• Disease Overview
  • Synonyms
  • Subdivisions
  • Signs & Symptoms
  • Causes
  • Affected Populations
  • Disorders with Similar Symptoms
  • Diagnosis
  • Standard Therapies
  • Clinical Trials and Studies
  • References
  • Programs & Resources
  • Complete Report



Last updated: 11/20/2023
Years published: 1987, 1990, 1995, 1996, 1997, 1998, 1999, 2000, 2002, 2005, 2018, 2023


NORD gratefully acknowledges Yi Tong, MD Candidate, McGill University School of Medicine, and Dr. Cristina Sobacchi, Humanitas Clinical and Research Institute, Rozzano, Italy; National Research Council-Institute of Genetics and Biomedical Research (CNR-IRGB), Milan Unit, Milan, Italy, for assistance in the preparation of this report.

Disease Overview


Osteopetrosis is marked by increased bone density due to a defect in bone reabsorption by cells called osteoclasts. This leads to accumulation of bone with defective architecture, making them brittle and susceptible to fracture and to skeletal abnormalities. Although symptoms may not initially be apparent in people with mild forms of this disorder, trivial injuries may cause bone fractures due to bone fragility. Early diagnosis is important in the most severe forms of these disorders, as they cause irreversible complications and may be treated with hematopoietic stem cell transplantation.

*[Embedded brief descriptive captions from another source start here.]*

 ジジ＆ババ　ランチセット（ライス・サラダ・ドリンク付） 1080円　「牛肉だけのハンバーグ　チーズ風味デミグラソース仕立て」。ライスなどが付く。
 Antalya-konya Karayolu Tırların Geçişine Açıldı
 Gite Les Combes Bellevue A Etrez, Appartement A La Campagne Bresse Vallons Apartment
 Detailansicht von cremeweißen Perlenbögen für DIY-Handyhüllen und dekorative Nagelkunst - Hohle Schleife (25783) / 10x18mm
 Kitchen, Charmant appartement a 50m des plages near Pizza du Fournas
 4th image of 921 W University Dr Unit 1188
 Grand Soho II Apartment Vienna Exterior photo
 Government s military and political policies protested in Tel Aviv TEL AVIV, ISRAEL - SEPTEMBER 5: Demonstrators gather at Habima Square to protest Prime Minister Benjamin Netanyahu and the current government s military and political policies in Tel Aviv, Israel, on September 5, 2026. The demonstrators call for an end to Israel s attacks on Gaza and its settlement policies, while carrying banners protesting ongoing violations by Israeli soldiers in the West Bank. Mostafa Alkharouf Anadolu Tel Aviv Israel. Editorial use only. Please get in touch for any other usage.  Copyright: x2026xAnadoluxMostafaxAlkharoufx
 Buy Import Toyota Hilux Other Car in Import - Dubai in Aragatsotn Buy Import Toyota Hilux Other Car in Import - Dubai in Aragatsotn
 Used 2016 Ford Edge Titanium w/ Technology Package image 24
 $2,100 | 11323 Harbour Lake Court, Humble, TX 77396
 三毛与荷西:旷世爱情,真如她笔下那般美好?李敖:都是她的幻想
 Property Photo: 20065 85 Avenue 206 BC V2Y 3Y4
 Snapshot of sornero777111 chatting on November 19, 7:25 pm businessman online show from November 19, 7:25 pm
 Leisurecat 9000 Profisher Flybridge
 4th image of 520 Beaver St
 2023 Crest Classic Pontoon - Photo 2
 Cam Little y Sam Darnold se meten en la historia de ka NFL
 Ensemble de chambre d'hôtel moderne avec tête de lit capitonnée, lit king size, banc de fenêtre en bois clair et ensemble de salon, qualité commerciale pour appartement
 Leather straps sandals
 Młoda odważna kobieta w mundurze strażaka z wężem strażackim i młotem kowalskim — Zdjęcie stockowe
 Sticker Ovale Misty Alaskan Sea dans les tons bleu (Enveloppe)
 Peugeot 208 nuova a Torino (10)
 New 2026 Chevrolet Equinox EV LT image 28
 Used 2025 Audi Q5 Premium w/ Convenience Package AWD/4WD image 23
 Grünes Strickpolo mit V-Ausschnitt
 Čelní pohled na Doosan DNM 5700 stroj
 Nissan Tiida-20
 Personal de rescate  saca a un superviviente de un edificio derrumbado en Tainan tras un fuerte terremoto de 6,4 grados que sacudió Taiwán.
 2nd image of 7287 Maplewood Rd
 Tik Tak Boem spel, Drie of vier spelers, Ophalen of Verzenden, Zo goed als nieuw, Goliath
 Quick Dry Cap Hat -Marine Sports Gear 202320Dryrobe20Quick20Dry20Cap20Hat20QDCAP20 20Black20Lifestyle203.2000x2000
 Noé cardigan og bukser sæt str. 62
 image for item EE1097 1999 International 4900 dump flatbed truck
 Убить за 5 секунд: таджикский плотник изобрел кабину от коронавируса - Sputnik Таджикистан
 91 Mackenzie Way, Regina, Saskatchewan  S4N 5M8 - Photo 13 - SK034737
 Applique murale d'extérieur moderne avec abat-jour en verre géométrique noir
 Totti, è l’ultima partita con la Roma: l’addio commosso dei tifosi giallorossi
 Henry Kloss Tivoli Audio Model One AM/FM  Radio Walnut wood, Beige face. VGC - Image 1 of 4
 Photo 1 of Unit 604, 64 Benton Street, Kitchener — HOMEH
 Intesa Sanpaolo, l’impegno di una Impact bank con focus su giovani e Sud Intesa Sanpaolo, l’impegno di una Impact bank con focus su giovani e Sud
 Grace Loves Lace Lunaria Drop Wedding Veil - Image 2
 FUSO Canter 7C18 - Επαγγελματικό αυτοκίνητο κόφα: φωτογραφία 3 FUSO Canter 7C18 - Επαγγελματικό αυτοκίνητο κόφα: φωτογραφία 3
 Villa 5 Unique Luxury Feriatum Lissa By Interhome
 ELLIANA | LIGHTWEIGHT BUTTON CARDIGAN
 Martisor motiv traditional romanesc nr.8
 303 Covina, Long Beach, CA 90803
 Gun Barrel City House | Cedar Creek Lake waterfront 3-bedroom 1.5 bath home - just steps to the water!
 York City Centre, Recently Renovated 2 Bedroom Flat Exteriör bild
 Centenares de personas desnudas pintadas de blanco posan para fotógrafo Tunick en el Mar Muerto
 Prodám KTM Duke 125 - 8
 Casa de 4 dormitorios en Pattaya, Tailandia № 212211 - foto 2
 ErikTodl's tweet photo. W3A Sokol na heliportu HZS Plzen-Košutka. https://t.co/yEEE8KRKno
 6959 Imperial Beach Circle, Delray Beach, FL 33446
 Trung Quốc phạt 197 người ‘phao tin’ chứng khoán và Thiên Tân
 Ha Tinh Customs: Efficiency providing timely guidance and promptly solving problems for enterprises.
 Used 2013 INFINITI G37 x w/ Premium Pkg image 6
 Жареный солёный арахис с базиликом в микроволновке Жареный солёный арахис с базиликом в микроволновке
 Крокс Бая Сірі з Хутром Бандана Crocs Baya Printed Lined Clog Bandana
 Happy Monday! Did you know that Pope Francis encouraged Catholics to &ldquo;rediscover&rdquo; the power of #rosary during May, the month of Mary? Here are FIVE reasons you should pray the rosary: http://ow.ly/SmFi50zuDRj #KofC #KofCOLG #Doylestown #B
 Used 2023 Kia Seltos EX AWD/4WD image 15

There are three types of osteopetrosis, and they are classified by their mode of inheritance: autosomal dominant, autosomal recessive and X-linked recessive. The autosomal dominant form is the most common: usually, patients have mild symptoms that begin in late childhood to adulthood. The autosomal recessive form, also called the malignant infantile type, is apparent soon after birth and frequently shortens life expectancy. The X-linked form of osteopetrosis is extremely rare, with only a few cases reported. There is also an intermediate type of osteopetrosis, comprising both milder autosomal recessive forms and dominant ones with early and severe presentation.


Osteopetrosis was first identified by radiologist Albers-Schonberg in 1904.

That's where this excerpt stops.